This implementation treats Ctrl+C differently depending on the MPI context:

  • Single-rank mode: Ctrl+C triggers a graceful abort that still finalises, exports an “aborted” marker checkpoint, and attempts to plot/log safely.

  • Multi-rank mode: Ctrl+C triggers a hard MPI abort to avoid deadlocks from rank-skewed interrupts during collectives. A lightweight abort marker file is written by rank-0 when possible.

Serialisation

Export/import uses an MCState-level serialisation format and ensures that all MPI ranks synchronise around serialisation steps. This prevents situations where JAX device computations (including MPI-backed collectives) would otherwise block serialisation on some ranks.

reject_outliers(data, m=2.0)

Reject statistical outliers from a 1D data array using a robust median absolute deviation filter.

This helper is primarily used for plotting (e.g. determining inset y-limits) where a handful of extreme values can make the view uninformative. The method computes:

  • the median of the data,

  • the median absolute deviation (MAD),

  • a scaled deviation score for each entry,

and returns only those values whose scaled deviation is below a threshold m.

Notes

  • This filter is robust to heavy-tailed distributions and is less sensitive than mean/std-based rules.

  • If MAD is zero (all values identical), the function falls back to a denominator of 1.0 to avoid division by zero and will keep all points.

Parameters:
  • data – 1D array-like of numeric values to be filtered.

  • m (float) – Outlier rejection threshold in units of MAD. Larger values keep more points.

Returns:

A NumPy array containing only the inlier values.

Raises:

ValueError – If data cannot be converted to a numeric NumPy array.

class Solver(lqx, output_path=None, auxiliary_path=None, *, clean_up=False, seed=None)

Bases: AbstractSolver

Concrete neuraLQX solver implementing a VMC-based optimisation workflow.

This class is the main user-facing solver implementation that executes variational optimisation for an LQX model.

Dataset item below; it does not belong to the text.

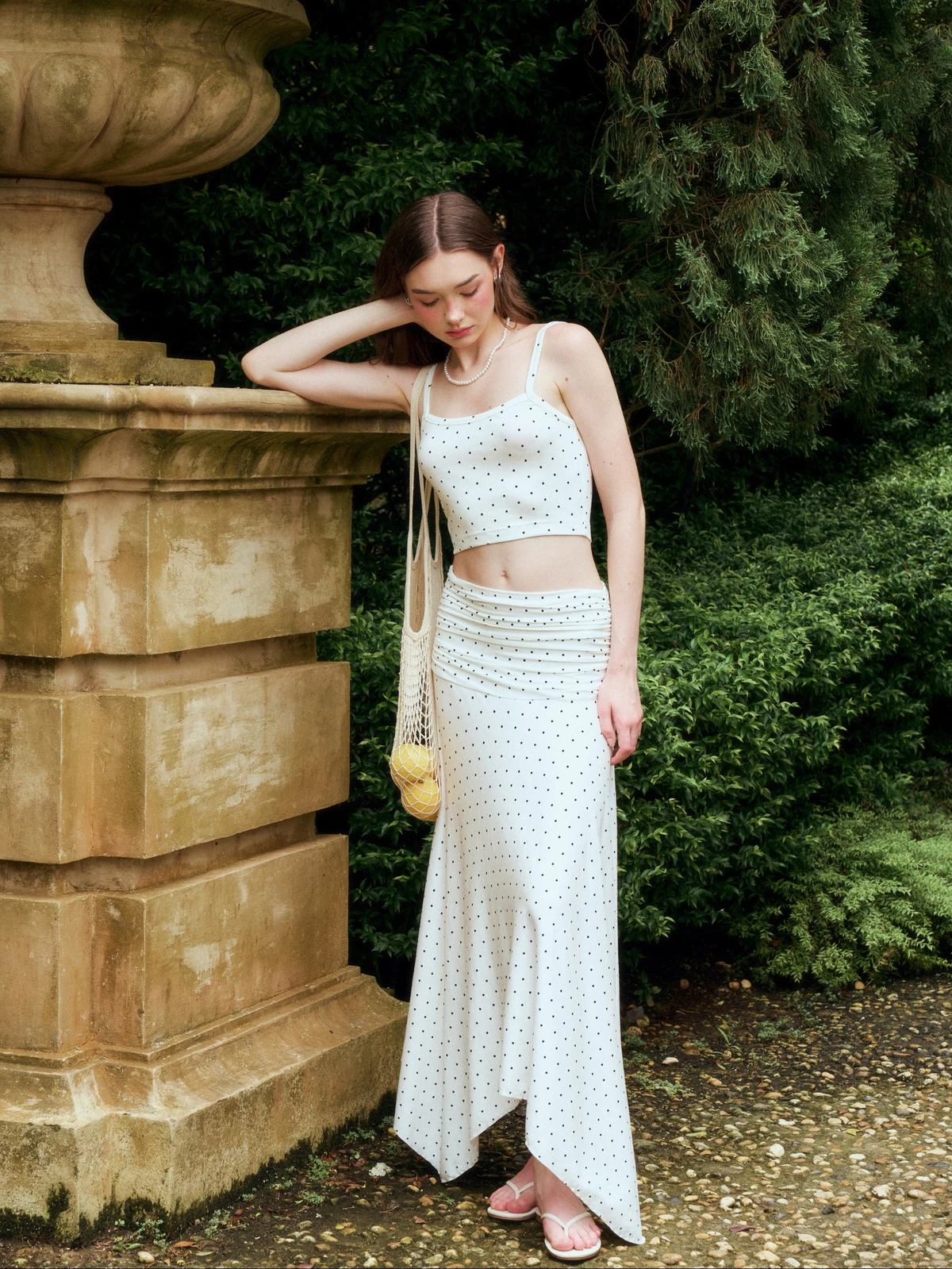 Nosbyn - Chân Váy Dài Thun Chấm Bi Nhún Eo - Dottie Flouncy Skirt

It inherits core wiring, output/log bookkeeping, and safety flags from AbstractSolver and implements the operational API:

  • set_sampler() builds and attaches a NetKet-compatible sampler (including specialised gauge samplers when supported by the Hilbert space).

  • set_optimizer() builds an Optax optimiser and configures stochastic reconfiguration (SR), including the SR linear solver backend.

  • set_network() installs a neural network Ansatz and optionally wraps it with symmetry/group projection when running diffeomorphism-invariant simulations.

  • initialize_vmc() constructs the MCState and the VMC driver, including SR preconditioning.

  • run() executes an optimisation loop with robust interruption handling, finalisation, state export, and plotting.

  • continue_simulation() resumes from an in-memory or on-disk checkpoint while preserving runtime logs and ensuring driver/state consistency.

Key design goals

Robustness and reproducibility:

  • Every solver run has a unique hash and a deterministic seed (unless user overrides).

  • State export/import is MPI-aware and uses broadcast to ensure all ranks reconstruct the same state.

  • Finalisation is defensive: I/O and plotting failures do not crash the solver after a successful run; they are treated as best-effort.

Clarity of run semantics:

  • The run pipeline is explicitly split into preparation, execution, and finalisation phases.

  • Continuations do not implicitly reset logs or state unless explicitly requested.

MPI-safe interruption:

  • Single-rank runs attempt graceful abort and still export a final checkpoint.

  • Multi-rank runs hard-abort on Ctrl+C to avoid deadlocks from rank-skewed collectives.

type lqx:

AbstractLqxInterface

param lqx:

The model interface implementing AbstractLqxInterface.

type output_path:

str | None

param output_path:

Optional base directory for solver outputs.

type auxiliary_path:

str | None

param auxiliary_path:

Optional grouping component appended under output_path.

type clean_up:

bool | None

param clean_up:

If True, remove empty stale directories before starting.

type seed:

int | None

param seed:

Optional explicit seed controlling solver reproducibility.

return:

None.

raises ValueError:

If output_path is provided but invalid.

raises OSError:

If output directories cannot be created.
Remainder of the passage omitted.